Correlation Between Commercial Metals and Huadi International
Can any of the company-specific risk be diversified away by investing in both Commercial Metals and Huadi International at the same time? Although using a correlation coefficient on its own may not help to predict future stock returns, this module helps to understand the diversifiable risk of combining Commercial Metals and Huadi International into the same portfolio, which is an essential part of the fundamental portfolio management process.
By analyzing existing cross correlation between Commercial Metals and Huadi International Group, you can compare the effects of market volatilities on Commercial Metals and Huadi International and check how they will diversify away market risk if combined in the same portfolio for a given time horizon. You can also utilize pair trading strategies of matching a long position in Commercial Metals with a short position of Huadi International. Check out your portfolio center. Please also check ongoing floating volatility patterns of Commercial Metals and Huadi International.
Diversification Opportunities for Commercial Metals and Huadi International
-0.45 | Correlation Coefficient |
Very good diversification
The 3 months correlation between Commercial and Huadi is -0.45. Overlapping area represents the amount of risk that can be diversified away by holding Commercial Metals and Huadi International Group in the same portfolio, assuming nothing else is changed. The correlation between historical prices or returns on Huadi International and Commercial Metals is a relative statistical measure of the degree to which these equity instruments tend to move together. The correlation coefficient measures the extent to which returns on Commercial Metals are associated (or correlated) with Huadi International. Values of the correlation coefficient range from -1 to +1, where. The correlation of zero (0) is possible when the price movement of Huadi International has no effect on the direction of Commercial Metals i.e., Commercial Metals and Huadi International go up and down completely randomly.
Pair Corralation between Commercial Metals and Huadi International
Considering the 90-day investment horizon Commercial Metals is expected to generate 0.7 times more return on investment than Huadi International. However, Commercial Metals is 1.43 times less risky than Huadi International. It trades about -0.1 of its potential returns per unit of risk. Huadi International Group is currently generating about -0.15 per unit of risk. If you would invest 6,063 in Commercial Metals on September 14, 2024 and sell it today you would lose (202.00) from holding Commercial Metals or give up 3.33% of portfolio value over 90 days.
Time Period | 3 Months [change] |
Direction | Moves Against |
Strength | Very Weak |
Accuracy | 100.0% |
Values | Daily Returns |
Commercial Metals vs.
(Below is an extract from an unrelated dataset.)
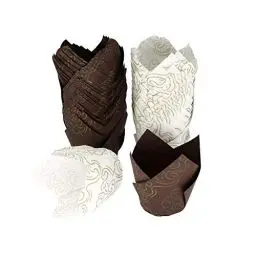 Produktbild: Cupcake Backbecher 100 Stück Tulpen Muffinförmchen Papier Mini Antihaftbeschichtet Tulip Muffinform Formen Einweg-Backbecher Muffin Wrappers Muffins Backpapier, Braun und Weiß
Huadi International Group
Performance |
Timeline |
Commercial Metals |
Huadi International |
Commercial Metals and Huadi International Volatility Contrast
Predicted Return Density |
Returns |
Pair Trading with Commercial Metals and Huadi International
The main advantage of trading using opposite Commercial Metals and Huadi International positions is that it hedges away some unsystematic risk. Because of two separate transactions, even if Commercial Metals position performs unexpectedly, Huadi International can make up some of the losses. Pair trading also minimizes risk from directional movements in the market. For example, if an entire industry or sector drops because of unexpected headlines, the short position in Huadi International will offset losses from the drop in Huadi International's long position.Commercial Metals vs. Olympic Steel | Commercial Metals vs. Steel Dynamics | Commercial Metals vs. Nucor Corp | Commercial Metals vs. Universal Stainless Alloy |
Huadi International vs. Olympic Steel | Huadi International vs. Steel Dynamics | Huadi International vs. Commercial Metals | Huadi International vs. Nucor Corp |
Check out your portfolio center.Note that this page's information should be used as a complementary analysis to find the right mix of equity instruments to add to your existing portfolios or create a brand new portfolio. You can also try the Fundamentals Comparison module to compare fundamentals across multiple equities to find investing opportunities.